Me apresuro a decir que el contexto -el desplome económico y la creciente desintegración de tejido social- fue el propicio para que todo lo anterior surtiera un efecto relativamente veloz. Sin él, es muy probable que no hubiese habido 6 de diciembre.
¿Qué pasará ahora? Dependerá de la inteligencia con que actúe la oposición para hacer valer su mayoría llevando a Venezuela hacia la democracia plena sin exhibir un revanchismo o precipitación que provoquen que el chavismo, en sus instancias militares y civiles, se reagrupe y restaure la dictadura. La misión opositora es extraordinariamente delicada: que la Asamblea tenga poder real. El chavismo puro y duro hará lo indecible para impedirlo. La oposición deberá actuar con un sentido histórico del momento tan agudo como el que tuvieron un Rey Juan Carlos y un Adolfo Suárez en la España de la muerte de Franco o una Concertación Democrática en el Chile del Pinochet post referéndum. En el primer caso se trató de figuras del régimen que emprendieron la tarea de desmontarlo; en el segundo, de adversarios del régimen que midieron con cuidado hasta dónde debían estirar la liga sin que se rompiera. Ambas cualidades son hoy indispensables en la MUD, por paradójico que parezca al ser ellos adversarios (es decir el equivalente a la Concertación chilena de entonces) y no piezas institucionales del sistema (como lo era Suárez en España). Pero resulta que la extraña realidad que se ha producido en Venezuela coloca hoy a la MUD en un doble rol: el de ser parte de la institucionalidad (en este caso el poder total en la Asamblea) que debe dar paso a la democracia plena y el de ser parte de la oposición que todavía no puede garantizar al país que sus decisiones sean acatadas del todo porque el régimen no ha acabado de irse.

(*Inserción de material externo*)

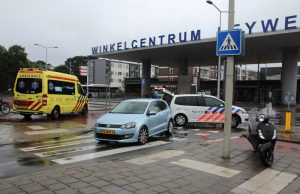 Scooterrijder gewond bij aanrijding met auto Hengelolaan Den Haag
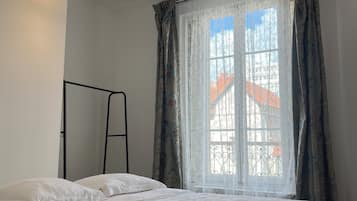 2 slaapkamers, een strijkplank/strijkijzer, reisbedje, wifi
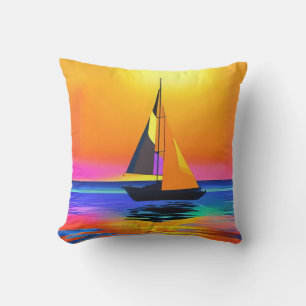 Coussin Bateau à voile contre un coucher de soleil sur l'o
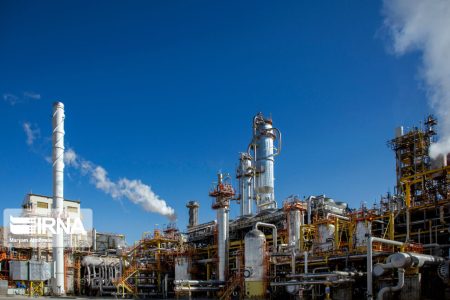 دستیار ویژه معاون وزیر نفت: تحقق اهداف صنعت پتروشیمی به ۲۴ میلیارد دلار سرمایه نیاز دارد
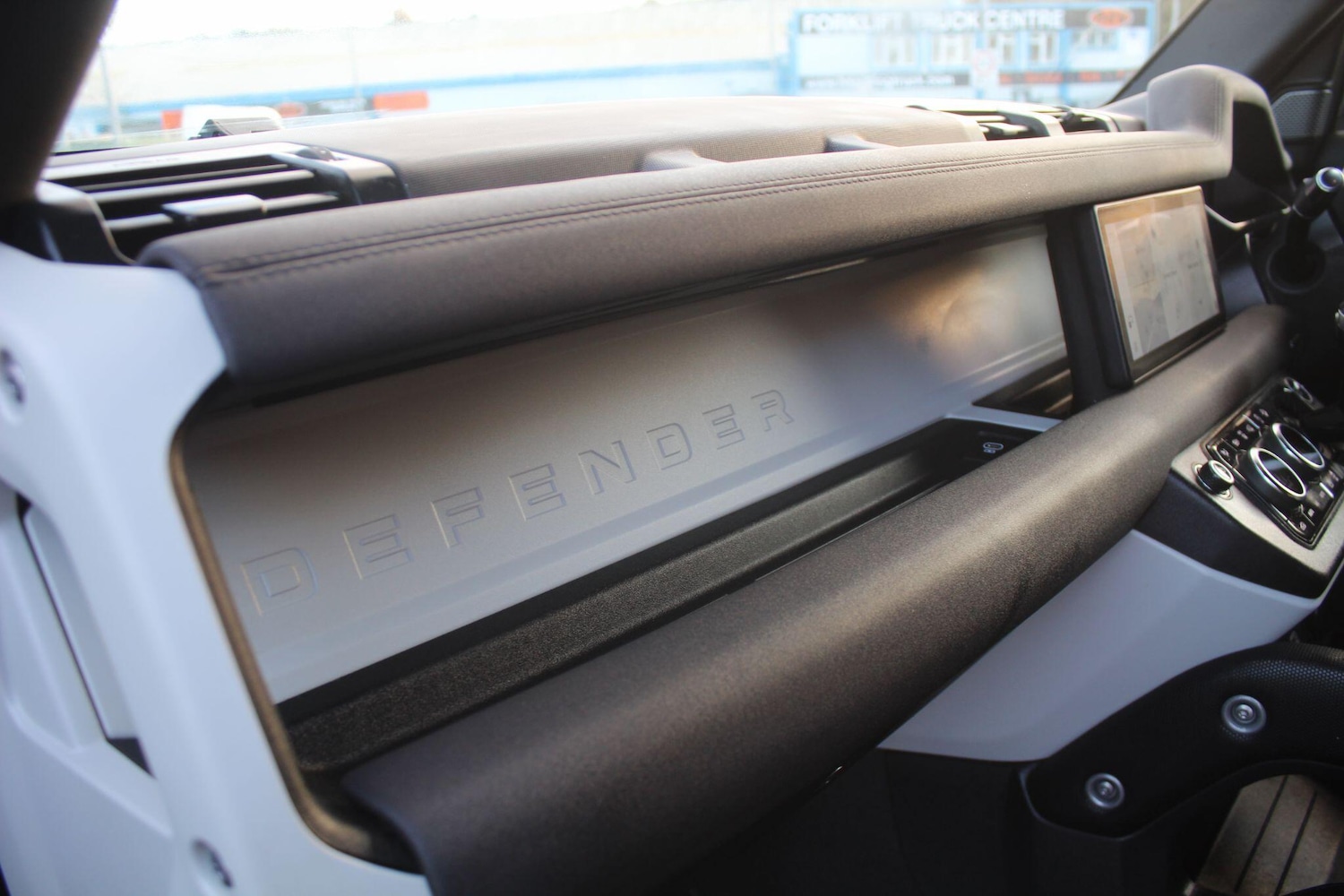 Used Land Rover Defender 110 2021 for sale - 77057555: Photo 41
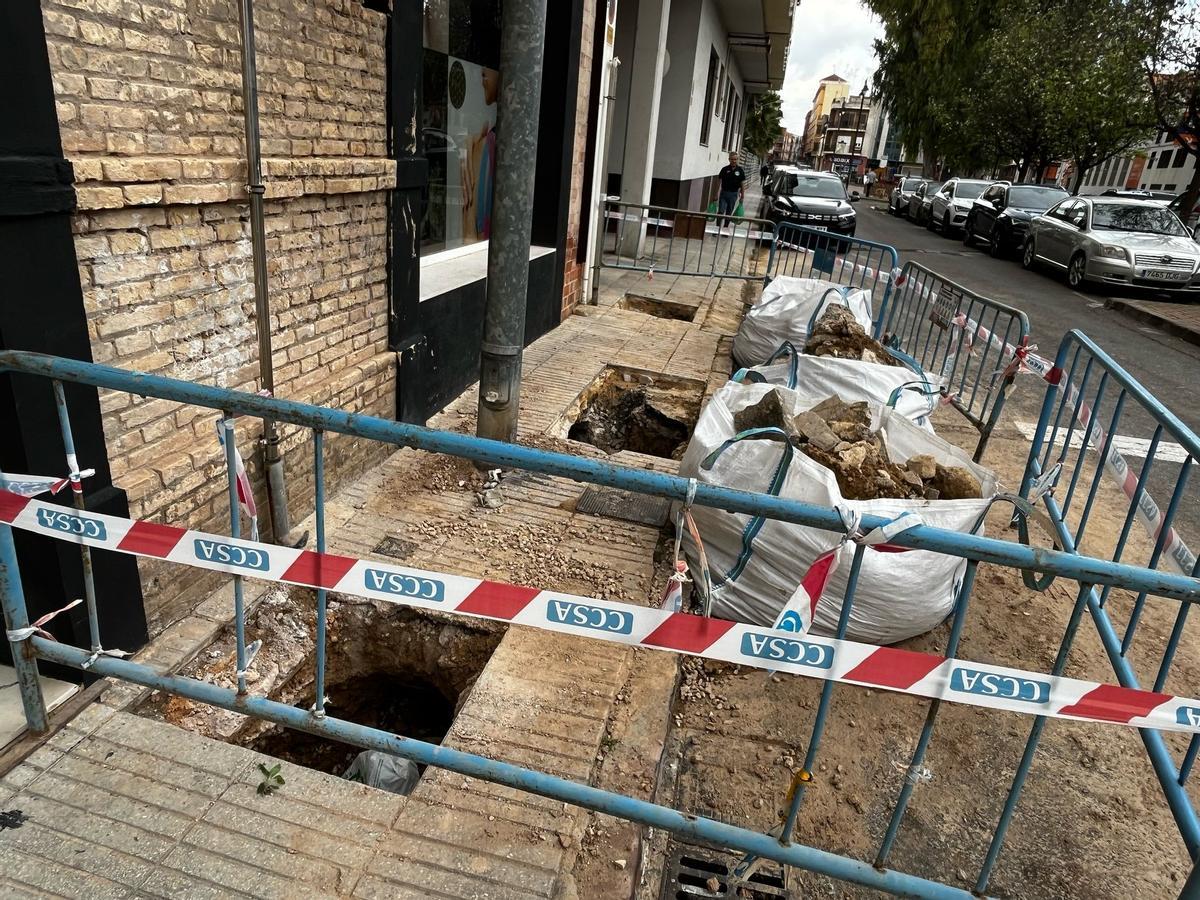 Trabajos de reparación de una de las fugas en la plaza 1 de Mayor.
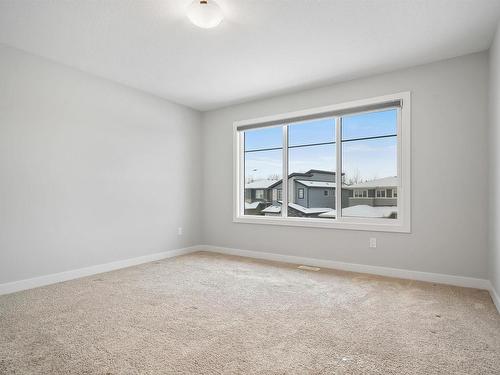 6 Kingsbury Circle, Spruce Grove, AB - Indoor Photo Showing Other Room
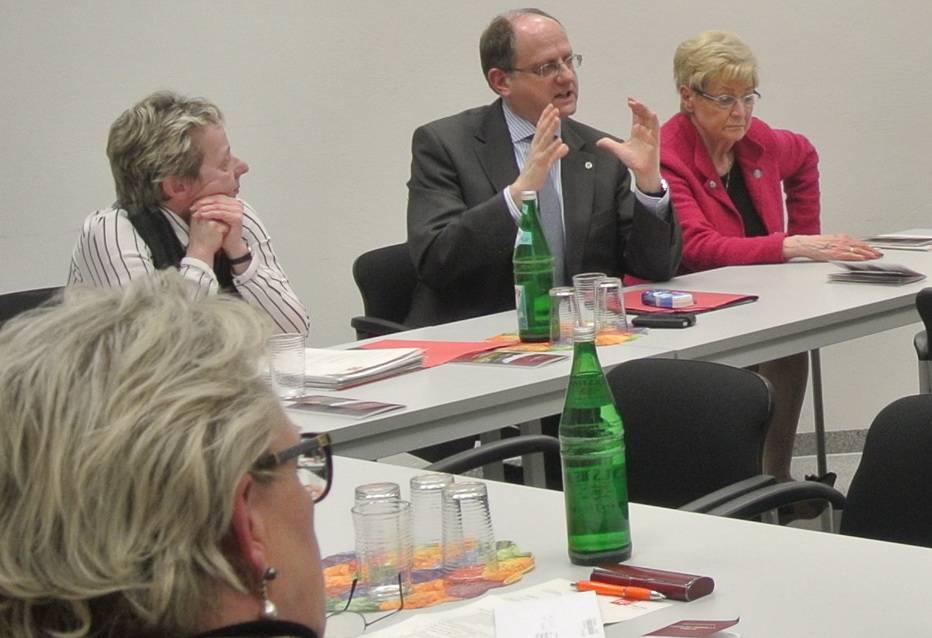  V.li.: Barbara Reul-Nocke, der CDU-Kreisvorsitzende Rainer Spiecker und Christel Simon. 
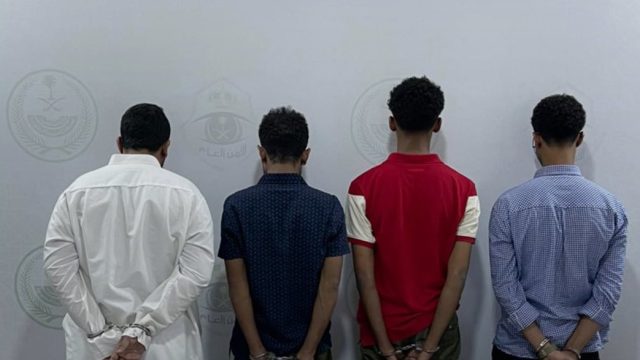 ترند “  “

شرطة القصيم تقبض على 4 مقيمين، سودانيين، ومص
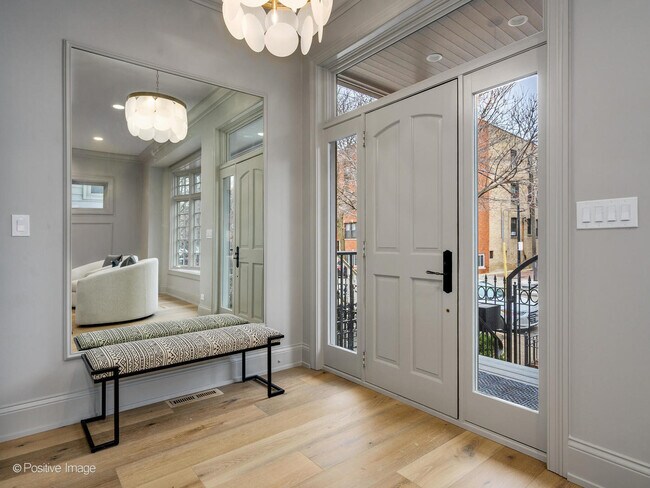 Foto del edificio - 1143 W Montana St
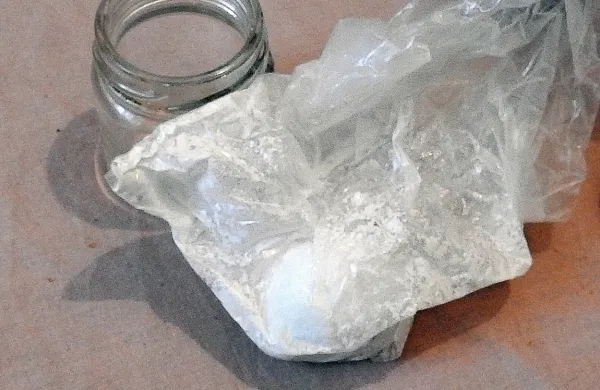 Pri osumljencih so zasegli več različnih vrst drog, med drugim   
manjši  kozarec  z belo grudasto snovjo.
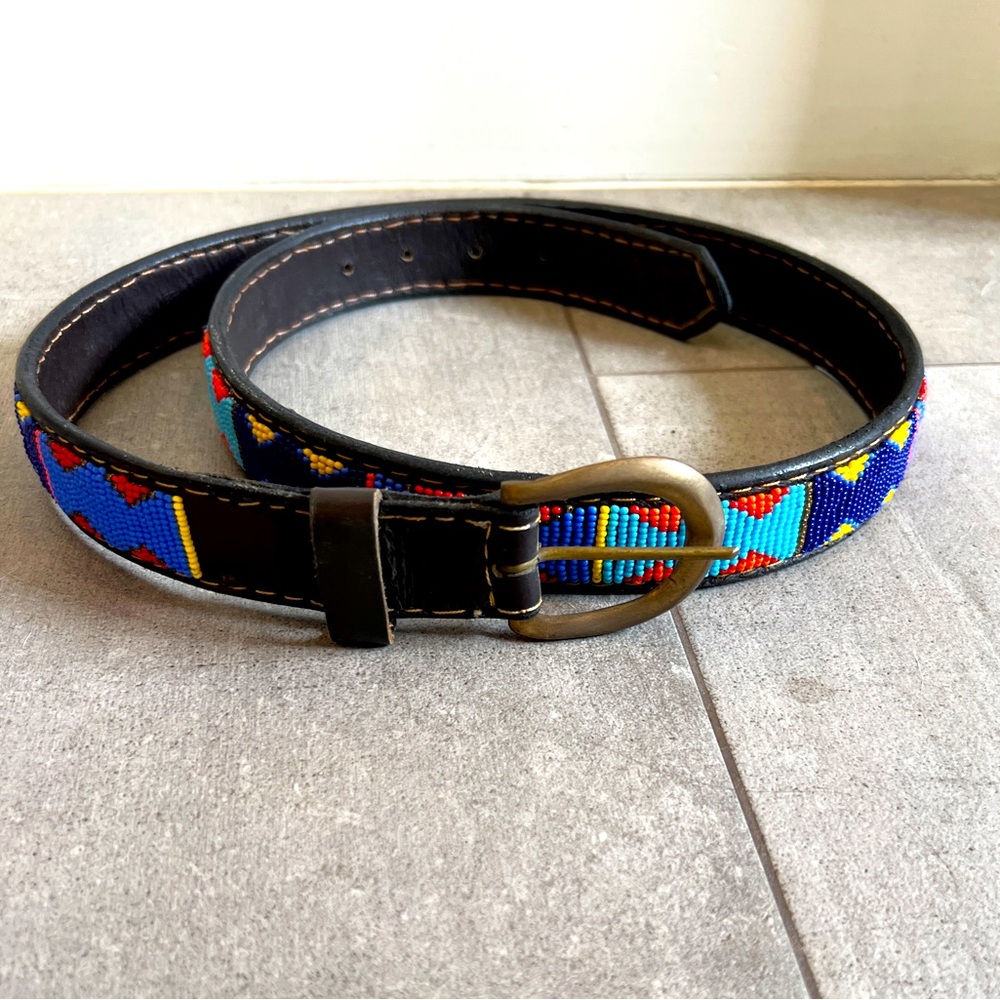 Vintage! Colorful Beaded Belt with Brass Buckle waist sizes approx 38-41. Cool😎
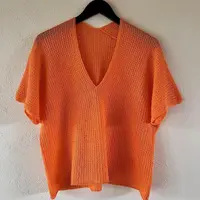 Простой топ Hor No. 20, вязаный ломаной резинкой спицами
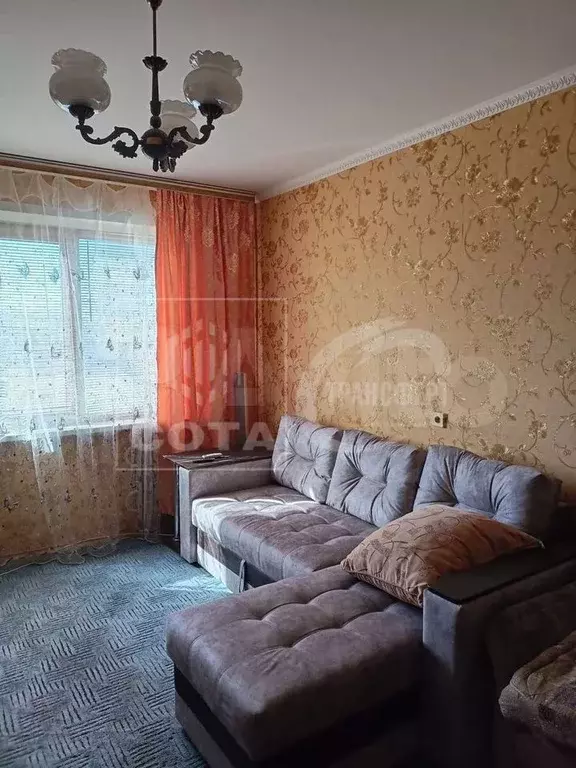 2-к. квартира, 55 м, 8/10 эт. - Фото 0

Maduro está débil, el sistema fracturado, la comunidad internacional está ansiosa por un cambio definitivo y la oposición tiene un respaldo popular masivo. Todo parece estar en su lugar para que la América Latina democrática recupere a la patria de Bolívar y de Rómulo Betancourt que se le escapó por 17 años. Pero la transición es una casa maldita que necesita una conjura.